DATA RECORDS:
****************

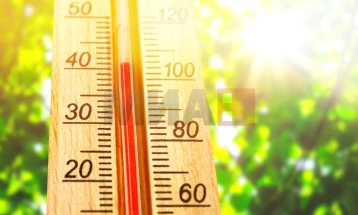 Temperatura të larta dhe indeksi UV, në më shumë vende niveli i portokalltë për rrezik
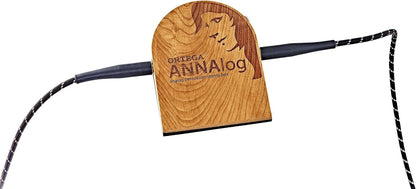 Ortega Guitars Analog Singer-Songwriter Stomp Box with Built-in Passive Piezo for Kick Sound, Natural (ANNALOG)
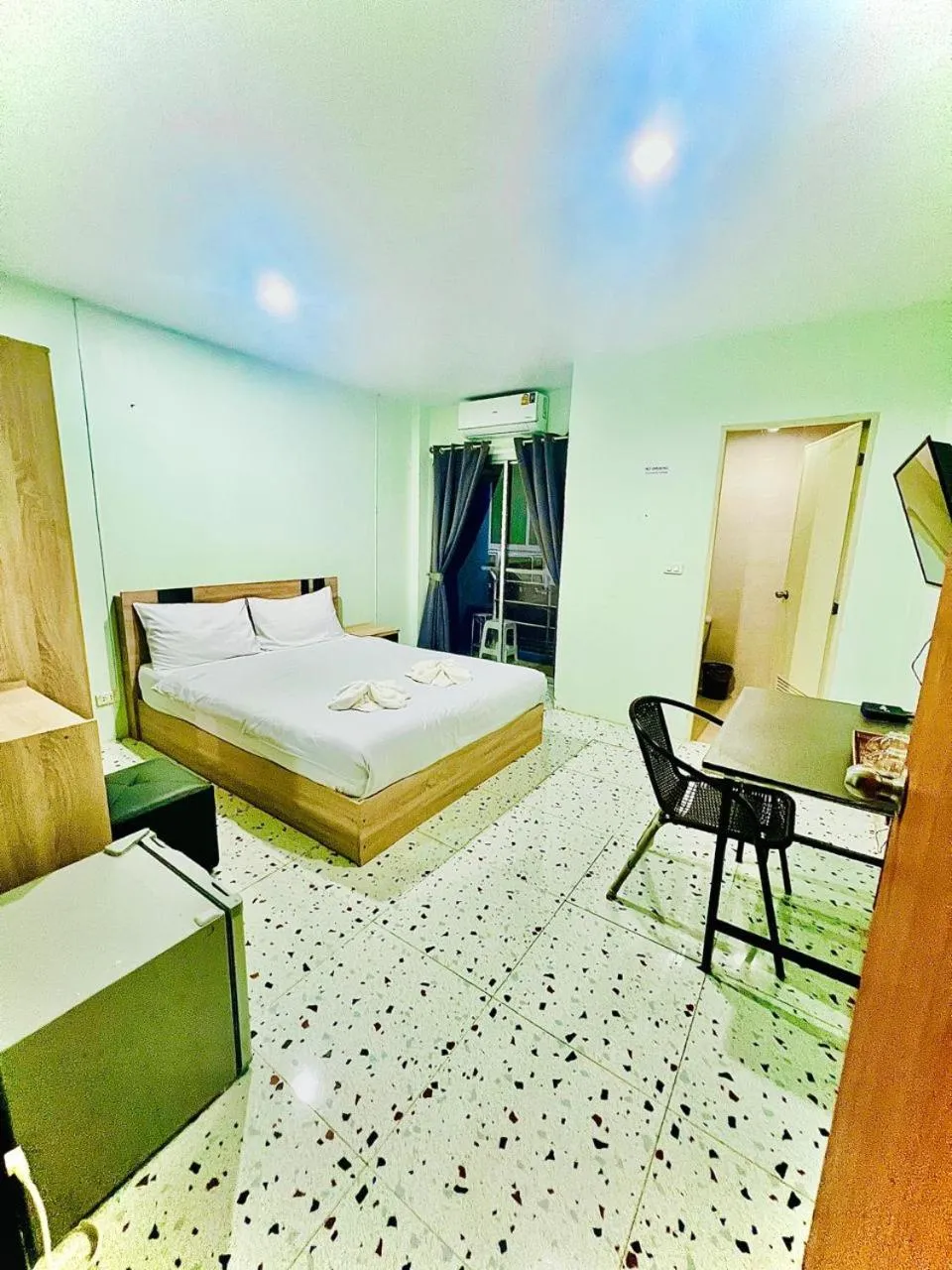 Bed in BLUE PEARL SHORE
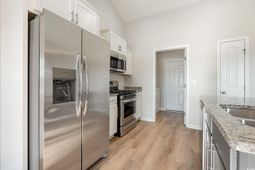 1008 Woodside Dr. photo 4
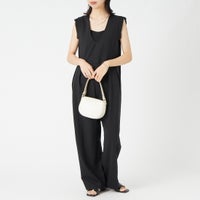 BLACK&&モデル身長：162cm 着用サイズ：F&&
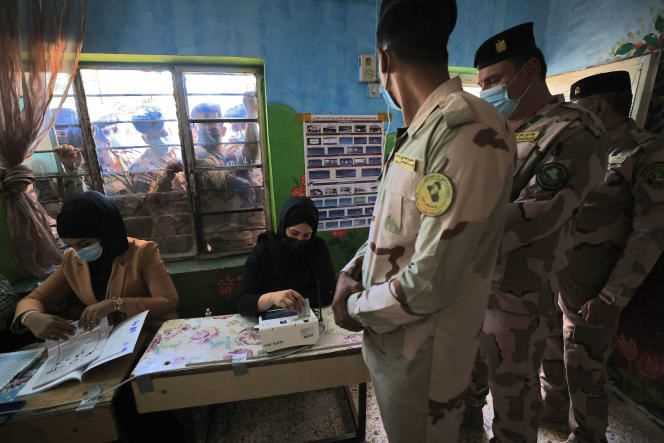 Members of the Iraqi security forces participate in early voting for legislative elections in Baghdad on October 8, 2021.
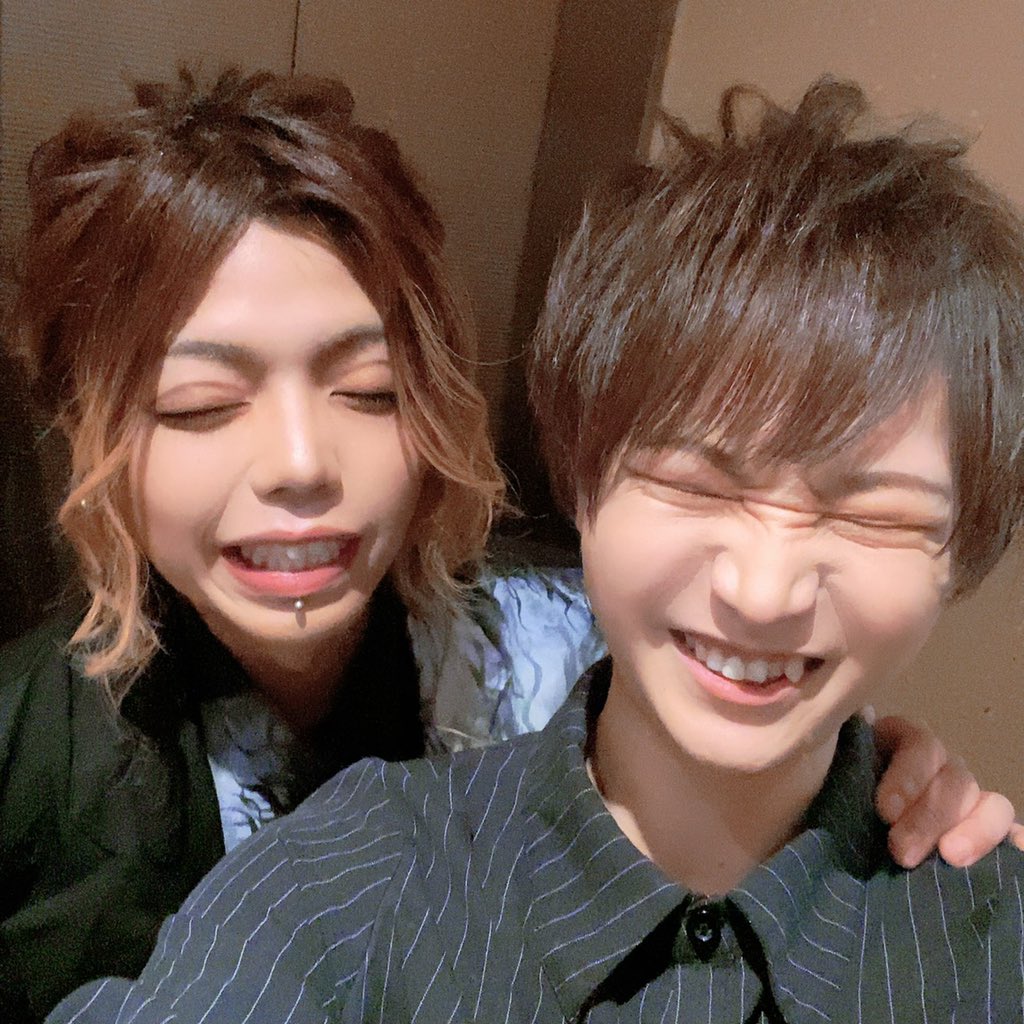 yuga_ventcroix's tweet photo. 昨日はむんむんと久々の再会でしたー(((o(*ﾟ▽ﾟ*)o)))💡 https://t.co/f61XMNH5NY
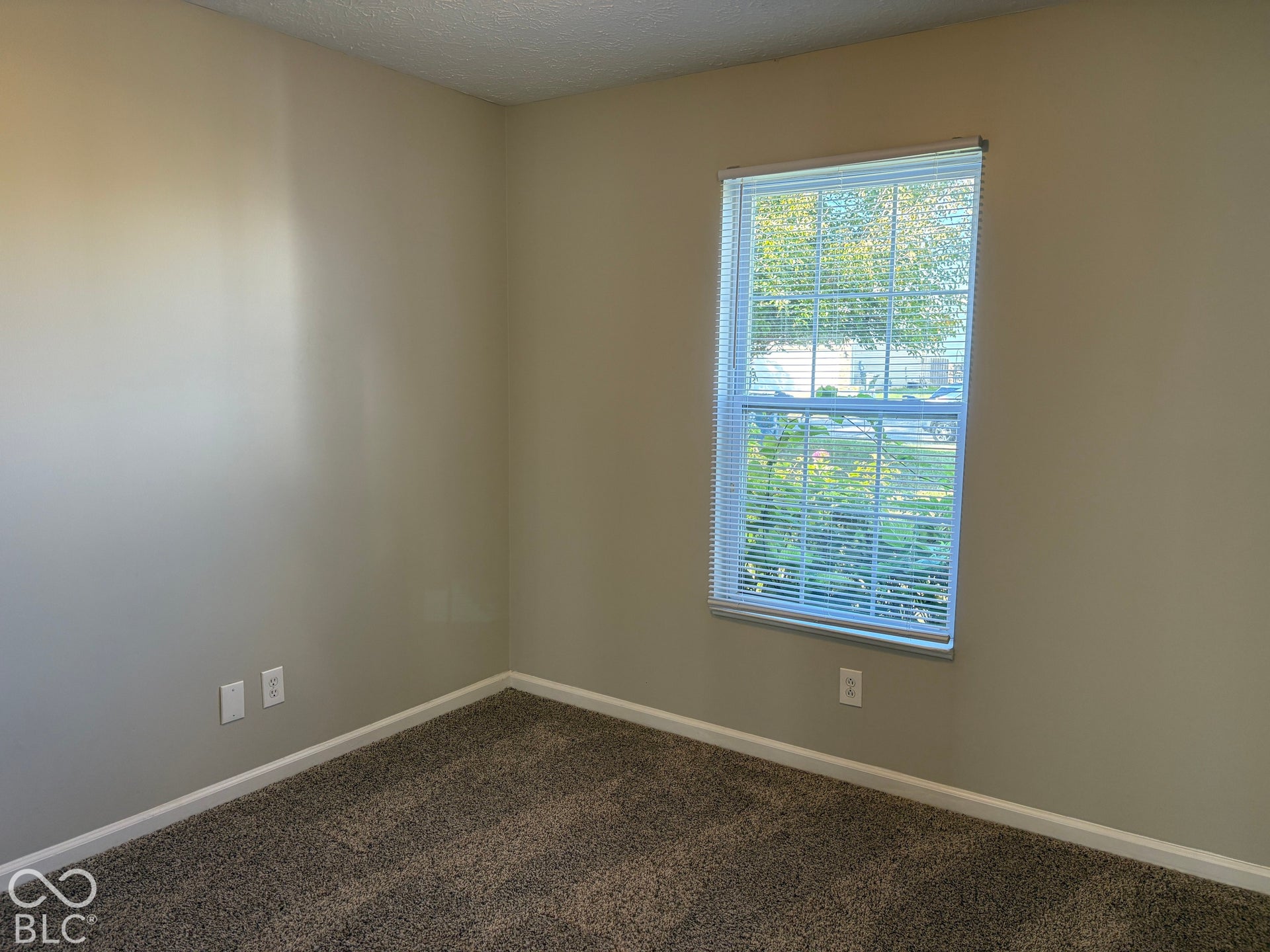 8221 Twin River Drive, Indianapolis, IN 46239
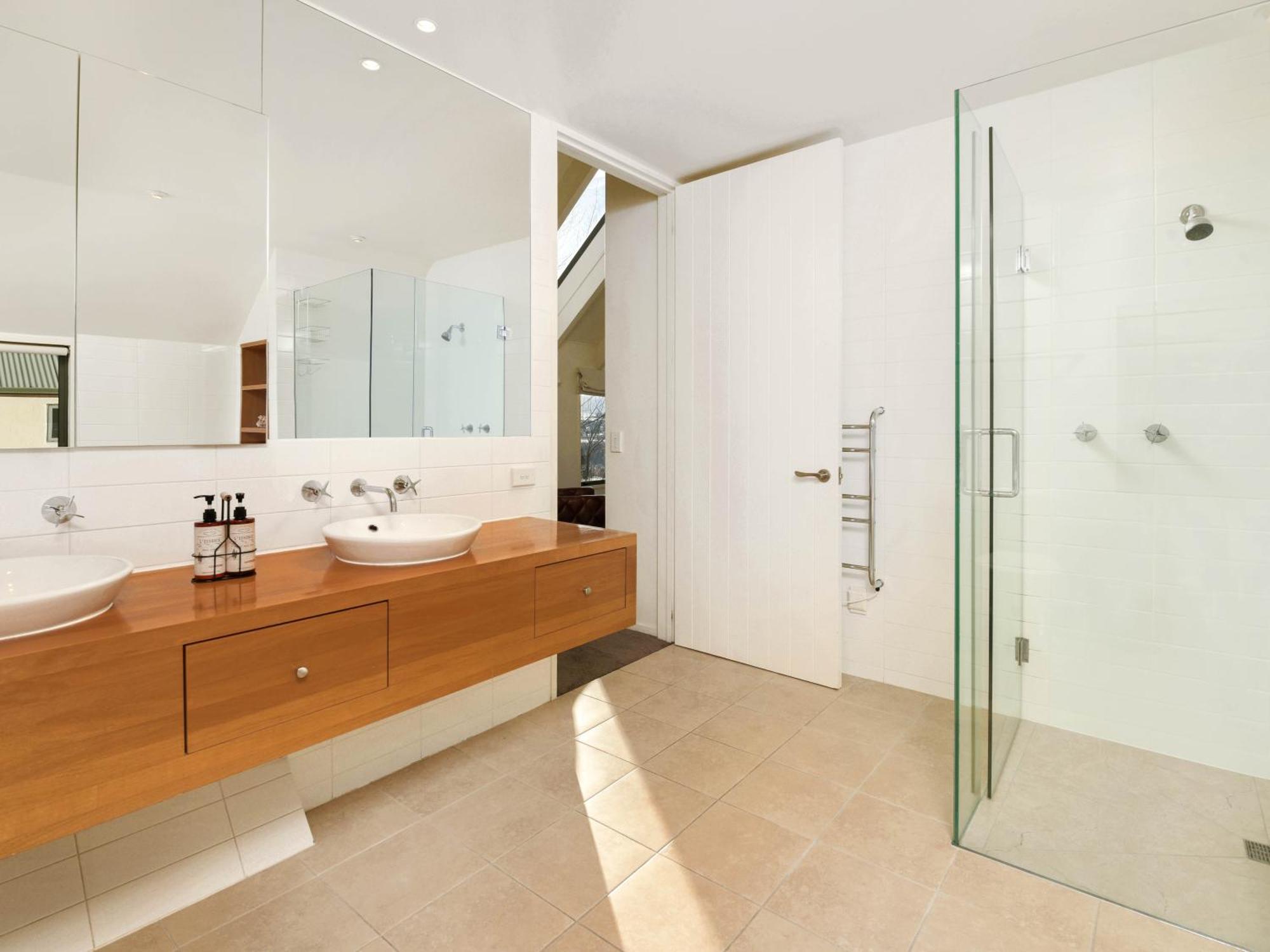 Lindmore Retreat & Spa - Luxury Family Home - ควีนส์ทาวน์ ภายนอก รูปภาพ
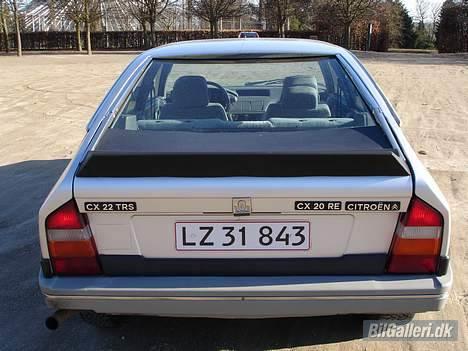 Citroën CX 22 TRS (afhændet) - Ja, meget mystisk, der er så TO forskellige skilte med modelbetegnelser, men det ER altså en 22TRS! billede 5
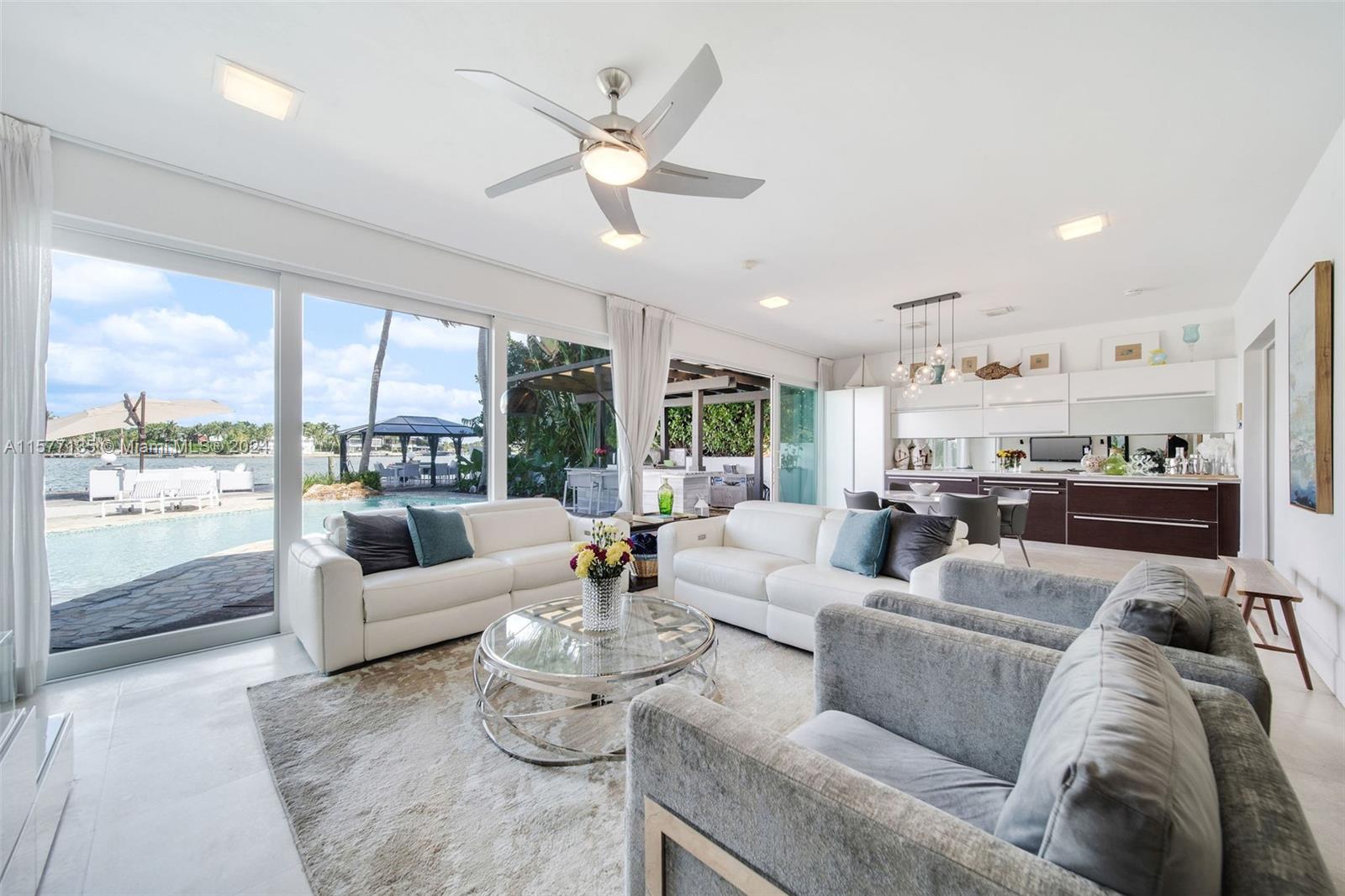HIBISCUS ISLAND - Residential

****************

PROBLEM DESCRIPTION: Once the line containing "8221 Twin River" is located, write out exactly that line and each one after it to the end of the records above, excluding pictures and nothing else.

YOUR SOLUTION:
 8221 Twin River Drive, Indianapolis, IN 46239
 Lindmore Retreat & Spa - Luxury Family Home - ควีนส์ทาวน์ ภายนอก รูปภาพ
 Citroën CX 22 TRS (afhændet) - Ja, meget mystisk, der er så TO forskellige skilte med modelbetegnelser, men det ER altså en 22TRS! billede 5
HIBISCUS ISLAND - Residential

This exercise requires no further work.